Eles não podem com ele – e nós é que perdemos

Durão Barroso foi tudo e conseguiu praticamente tudo aquilo que um político ciente das suas qualidades poderia almejar. Mas, talvez por isso, eles não lhe perdoem.

Por João Rodrigues, Advogado, Vereador do Urbanismo e Inovação da CM de Braga

1. Ninguém gostará de clichês. Tampouco, de generalizações. Mas há muito se diz que, ao português, lhe pesa o sucesso e o bem-estar do vizinho.

Certo é – e não querendo eu dar a afirmação por verdadeira – que não são raras as vezes em que nos deparamos com uma situação reveladora deste sentimento. Mas talvez os japoneses, os argentinos ou os egípcios possam dizer exatamente o mesmo que nós, portugueses, e esta característica seja mais universal do que nos tentam incutir.

E se este mau estar com o sucesso dos outros é corrente, também é verdade que se verifica nos mais diversos domínios das nossas vidas: nos locais de trabalho, entre amigos (?) e até dentro das famílias. A inveja (não gosto muito da palavra, mas as coisas têm o nome que têm) não escolhe espaço. E a política e o poder não fogem à regra – são lugares onde o sucesso, por ser alvo, muitas vezes, mata.
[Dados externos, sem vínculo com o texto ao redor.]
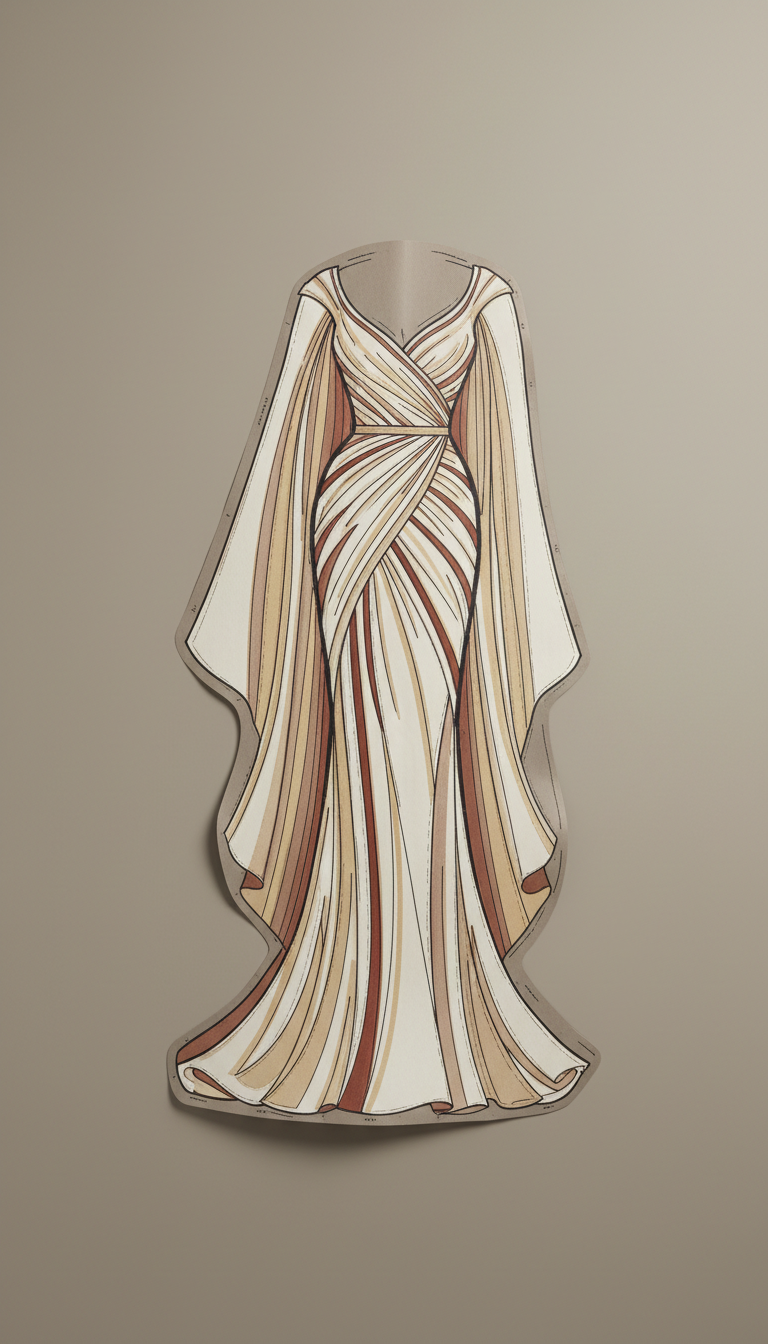 Patron robe du soir féminine drapée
2. Pelo caminho que fez, desde muito novo. Pelo sítio de onde veio, que não era necessariamente o óbvio. Pelo poder que deteve, interna e externamente. Pelo papel que desempenhou em momentos chave da nossa história recente. Pelo que conseguiu depois de abandonar a política ativa. Por tudo isto, José Manuel Durão Barroso é, com toda a certeza, o político português de maior sucesso da nossa história mais recente.

Durão Barroso foi tudo e conseguiu praticamente tudo aquilo que um político ciente das suas qualidades poderia almejar. Mas, talvez por isso, eles não lhe perdoem.
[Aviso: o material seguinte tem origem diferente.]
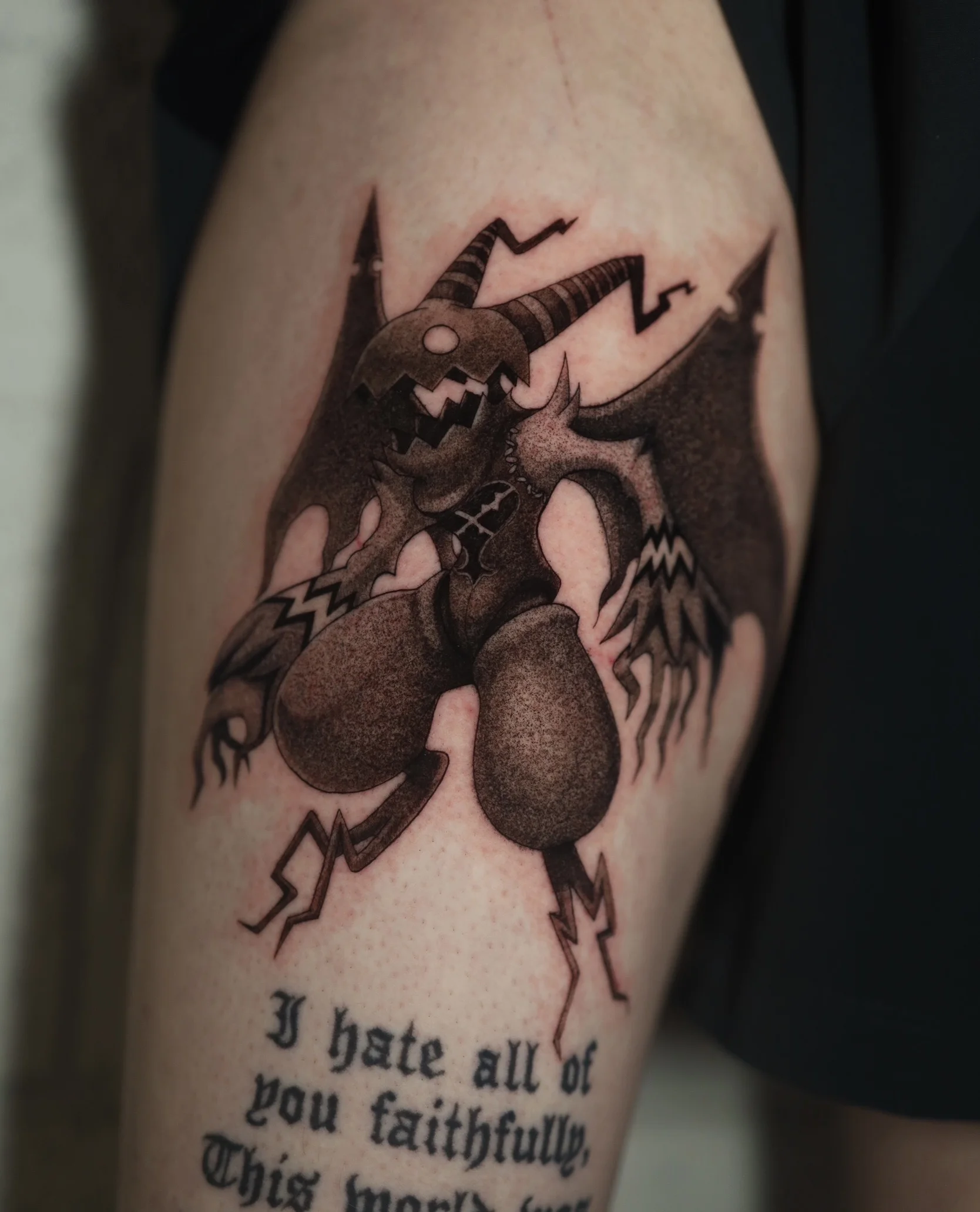 Blackwork tattoo by Dana Nicole: video game, kingdom hearts, blackwork, stipple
3. Licenciou-se em Direito na Universidade de Lisboa. Na Suíça, obteve o diploma de Estudos Europeus do Instituto Universitário de Estudos Europeus da Universidade de Genebra e concluiu o mestrado em Ciência Política, ambos com distinção. Foi assistente em Lisboa e na Universidade de Genebra, tendo sido também professor convidado da Universidade de Georgetown, na capital norte-americana.

Foi eleito deputado pela primeira vez em 1985, tendo sido logo nomeado subsecretário de Estado dos assuntos internos do primeiro governo de Cavaco Silva. Dois anos depois, com a moção de censura do PRD, foi nomeado secretário de Estado dos assuntos externos e da cooperação, cargo que voltou a ocupar aquando da segunda maioria do mesmo Cavaco, em 1991. Um ano depois, sobe a ministro dos Negócios Estrangeiros.
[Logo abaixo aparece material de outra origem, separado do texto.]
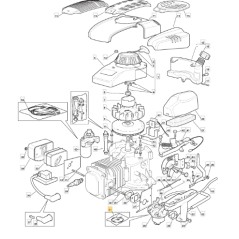 Kit garnitures carburateur moteur modèles SV200 STIGA 118550096/0 | Newgardenstore.eu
Nos Negócios Estrangeiros, foi talvez um dos maiores artífices do processo que levou à independência de Timor-Leste e, ao mesmo tempo, ocupou também um lugar na história dos processos de paz em Angola e Moçambique (o papel que teve neste último é quase apagado, por mera conveniência, pela maioria das pessoas que versa sobre o tema).

Em 1999, chegou à liderança do PSD e, em 2002, a primeiro-ministro. Apanhou um país de tanga, deixado ao Deus-dará por António Guterres, que já não se conseguia mover no pântano em que nos metera a todos.

Em 2004, passou a presidir à Comissão Europeia, tendo conquistado um segundo mandato, em 2009, no decorrer da maior crise económico-financeira de que aqueles que são hoje vivos têm memória. Não lhe bastasse ter liderado a Comissão num período especialmente conturbado do ponto de vista político e social, a verdade é que chegou a 2014 com esses problemas ultrapassados, recebendo o aplauso e o reconhecimento unânime dos líderes europeus. Pelo meio, ainda recebeu em mãos o Nobel da Paz em nome da União.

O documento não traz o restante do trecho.